In my experience, the best self-help first step in the practice-improvement process is planning. I am not talking about a multi-volume document brimming with colourful flow charts and management clichés. On the contrary, I am talking about a discussion that results in a one-page summary that tells every partner (or sole practitioner) where they are headed. The plan will guide those who have been delegated the responsibility of implementing it.

For this planning session, meet as a partnership (or with a key advisor if you are in sole practice) away from the firm, somewhere where participants won’t be distracted by staff or clients. Give each item full and frank consideration. Business plans in small firms are next to useless without consensus. Partners will simply agree in the meeting and then continue doing whatever the heck they want.

I recommend that the discussion revolve around the following decisions:

 

 

The Components

  • What type of work – refers to the type of matters the firm is seeking to offer. In considering this, look at those services that you offer now. Consider what you would like to stop doing – or to stop doing within five years. Having done this, consider what you do wish to be doing and add these offerings to the ones that you want to keep.
  • Partner numbers – refers to the number of equity partners.

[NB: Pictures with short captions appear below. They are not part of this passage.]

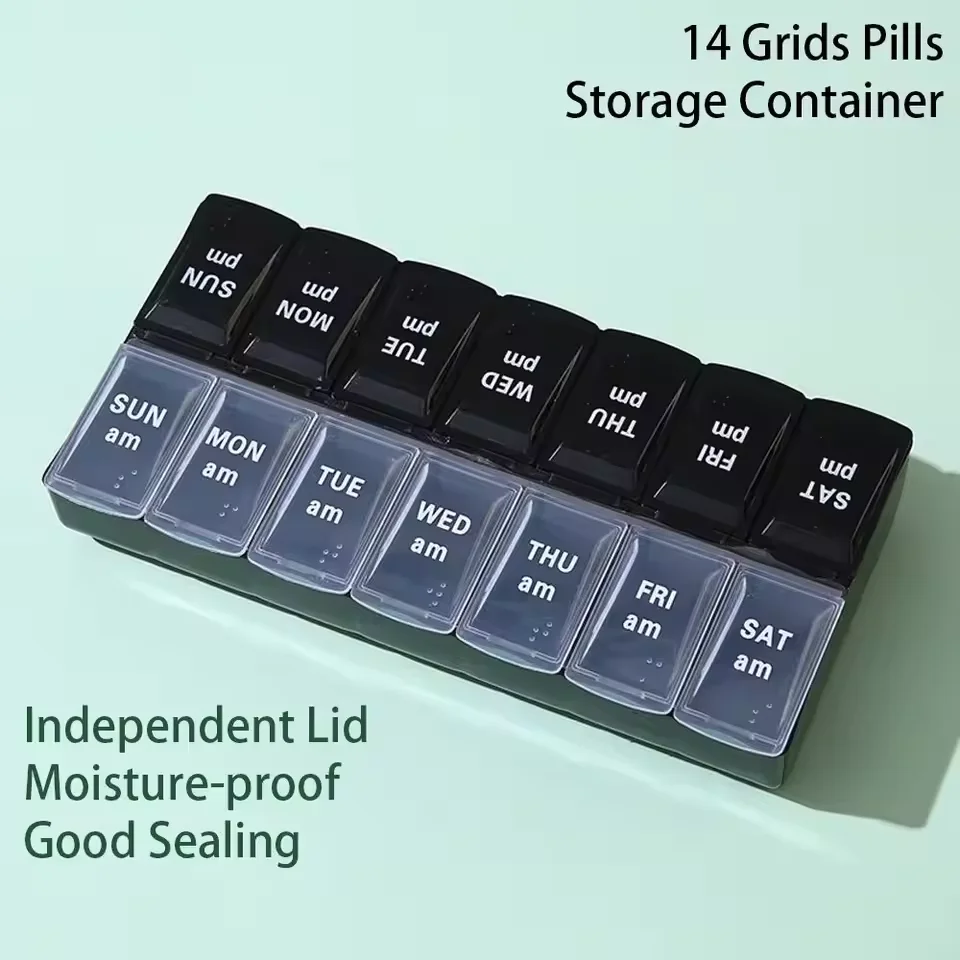 14 Grids Pills Container Storage Portable Weekly Double Row Medicine Organizer Pills Case Travel Vitamins Fish Oils Pills Case
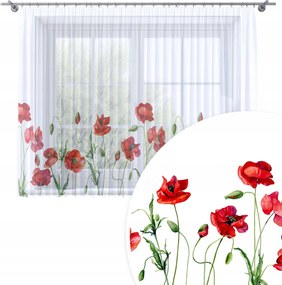 Függöny Kész Fátyol 300X160 Festett Mintás Béka Szalag Függöny Pipacs 374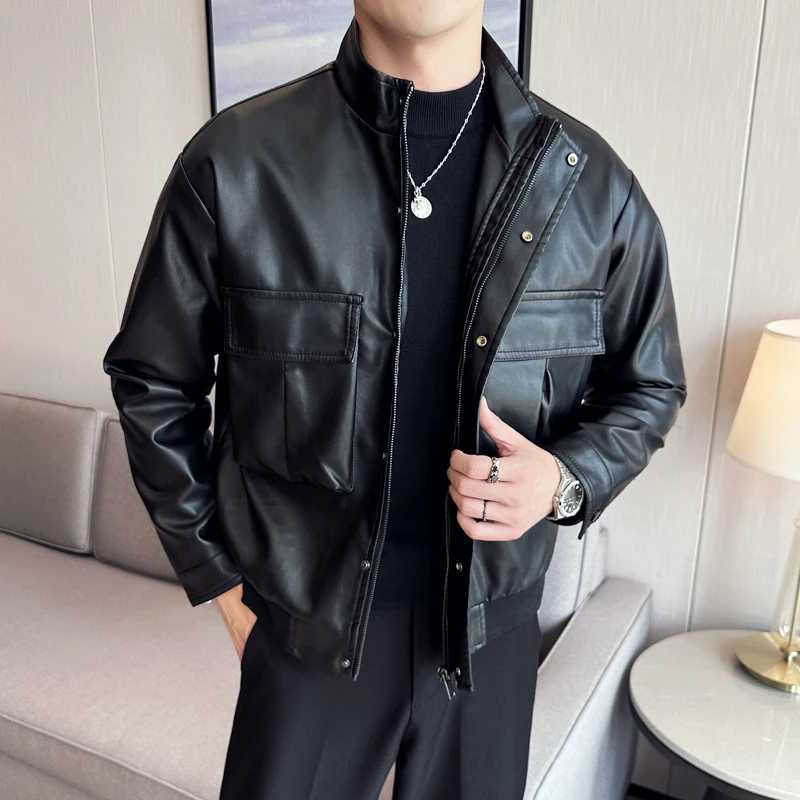 Spring Autumn Stand Collar Black Pu Leather Jackets Men Fashion Motorcycle Biker Coats Male Casual Moto leather Outerwear CoatsT250311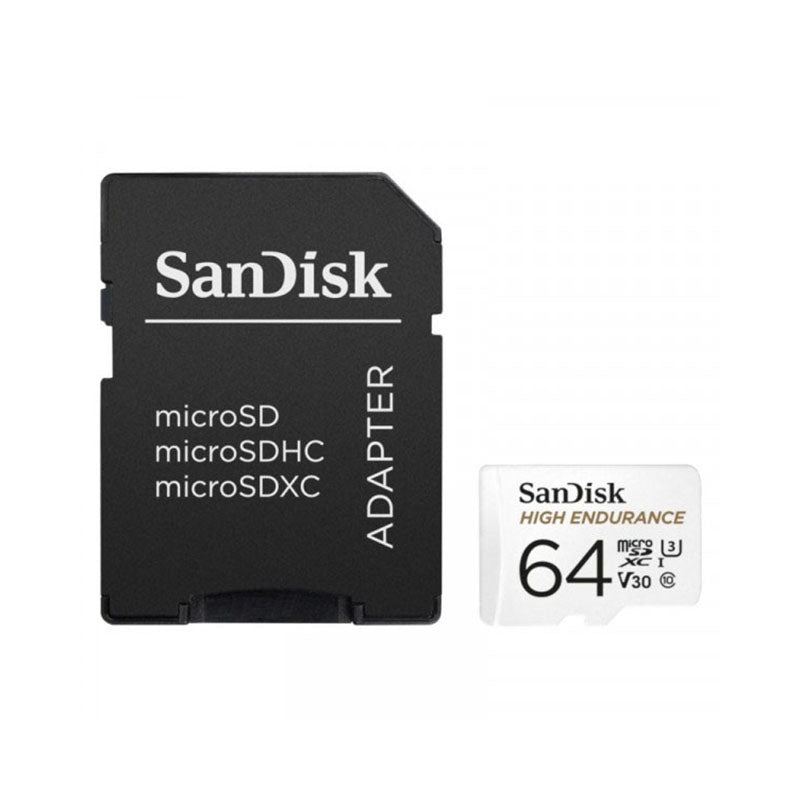 SanDisk High Endurance microSDXC – atminties kortelė 64 GB, 10 klasė, UHS-I, 100/40 MB/s, su adapteriu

You may wish to include salaried partners here, but I usually put them into the “employed fee earner” section.
  • Gross fees – refers to the total fee billings of the practice (excluding disbursements).
  • Net profit per partner – refers to the desired profit per partner. When you are considering desired profit, remember that as a principal you should receive a reasonable pay for your time and effort, and a reasonable profit.
  • Employed fee earners – refers to the number of employed solicitors, associates, non-equity partners and paralegals. (Full-time equivalent, so someone may be 0.5 paralegal and 0.5 support.)
  • Support staff – refers to all support staff in full-time equivalents.
  • Space (sqm) – refers to the office space required. The average Australian firm uses about 25sqm per person (including public space like reception and meeting rooms). This is not ideal though. I suggest that you allow for about 18sqm/person. (We are told that best practice space utilisation is about 7sqm/person, but this requires significant cultural and operational change.)
  • IT commitments – refers to any foreseen expenditure on technology such as PMS, litigation support, marketing data base, etc.

The best way to approach these discussions is to fill out the actual numbers for this year, then do Year +5 first. Come back and do Year +1 next, then simply ‘join the dots’.

This is a start – a bit rough and ready but better than nothing.

By the way, our “Annual Variety B to B Bash” raised 2.25 million dollars for disadvantaged Aussie kids – admittedly despite most of us, not because of most of us.

Next year I’ll be one of the planners.